Stylus putih Gati sapukan pelan di atas layar tablet, memberi catatan tambahan dengan bahasanya sendiri agar lebih mudah dipahami. Laman berwarna putih dengan huruf berjajar rapi itu mulai warna-warni sebab si empu kelewat kreatif membumbuinya. Sebuah kebiasaan belajar yang sudah Gati lakukan sejak SD.

"Misal nih, Mbak. Aku punya kewajiban balik sebelum jam empat sore karena kebetulan kelasku selesai jam dua. Nah, tapi aku diminta nungguin Gati yang jam empat sore baru selesai kelas. Aku tungguin, dong, kasian dia nggak bawa kendaraan ke kampus, Mas Gale juga posisinya juga lagi nggak ada jadwal ngampus, ditambah nih Tuan Puteri keraton manjanya nauzubillah naik bus trans aja kesasar. Sampai rumah aku kena marah sama ibuku karena balik telat. Jadi, etikaku itu baik, nggak?"

Gati sudah melirik lelaki itu tajam, sungguh contoh yang tidak masuk akal. Lagipula, Gati bisa pulang sendiri andai kejadiannya begitu, menelepon kakaknya minta jemput atau pesan ojek online. Itu hal yang mudah.

Dengan senyum penuh arti Dree balik bertanya, "Menurut kamu sendiri gimana?"

Janggan mengubah posisi tegaknya menjadi bersandar pada kursi kayu yang diduduki. "Nggak baik, meskipun kewajiban aku buat jagain Gati udah terpenuhi, tapi aku berakhir kena marah, aku kena dampak negatifnya."

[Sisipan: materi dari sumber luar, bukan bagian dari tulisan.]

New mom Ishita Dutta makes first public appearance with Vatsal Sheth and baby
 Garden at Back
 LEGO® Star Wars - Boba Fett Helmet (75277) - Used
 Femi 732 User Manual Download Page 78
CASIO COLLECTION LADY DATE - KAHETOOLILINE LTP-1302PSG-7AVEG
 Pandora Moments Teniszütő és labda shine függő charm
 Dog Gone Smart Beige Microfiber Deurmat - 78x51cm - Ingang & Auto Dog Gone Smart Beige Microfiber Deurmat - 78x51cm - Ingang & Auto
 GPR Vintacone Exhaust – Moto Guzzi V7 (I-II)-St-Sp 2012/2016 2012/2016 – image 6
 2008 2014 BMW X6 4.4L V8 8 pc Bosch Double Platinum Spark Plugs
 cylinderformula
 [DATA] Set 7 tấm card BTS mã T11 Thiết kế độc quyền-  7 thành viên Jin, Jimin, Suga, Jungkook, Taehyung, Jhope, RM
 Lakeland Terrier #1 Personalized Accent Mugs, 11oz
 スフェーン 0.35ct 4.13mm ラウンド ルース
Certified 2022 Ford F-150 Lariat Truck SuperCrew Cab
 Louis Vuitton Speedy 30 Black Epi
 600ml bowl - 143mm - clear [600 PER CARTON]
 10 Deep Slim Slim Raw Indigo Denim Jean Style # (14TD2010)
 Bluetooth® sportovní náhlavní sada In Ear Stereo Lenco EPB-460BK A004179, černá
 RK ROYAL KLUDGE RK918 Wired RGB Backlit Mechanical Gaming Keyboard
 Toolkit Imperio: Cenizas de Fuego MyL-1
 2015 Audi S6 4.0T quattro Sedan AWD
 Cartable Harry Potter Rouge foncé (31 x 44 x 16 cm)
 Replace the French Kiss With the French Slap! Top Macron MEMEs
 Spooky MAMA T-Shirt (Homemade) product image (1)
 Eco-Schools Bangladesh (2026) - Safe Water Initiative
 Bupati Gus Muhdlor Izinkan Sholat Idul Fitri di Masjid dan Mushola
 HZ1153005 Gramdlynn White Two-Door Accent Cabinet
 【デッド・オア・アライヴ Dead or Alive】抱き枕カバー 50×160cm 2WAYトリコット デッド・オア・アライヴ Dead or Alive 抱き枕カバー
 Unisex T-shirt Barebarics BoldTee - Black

"Berarti kamu condong ke teori selanjutnya, Etika Teleologi, di mana tindakan baik buruk ditentukan berdasarkan akibat yang ditimbulkan," jawab Dree.

"It's situational," imbuh Gale, membuat tiga yang lain menatapnya seketika.

Dree mengangguk dengan senyum lebar. "Kamu dihadapkan pada dua atau lebih kewajiban di saat yang bersamaan. Saat kamu membuat keputusan akan melakukan yang mana dengan pertimbangan berdasarkan efek yang akan ditimbulkan, apakah itu nanti akan berakibat baik atau buruk, artinya kamu sedang mengimplementasikan aliran Teleologi dalam memandang dan menentukan suatu etika."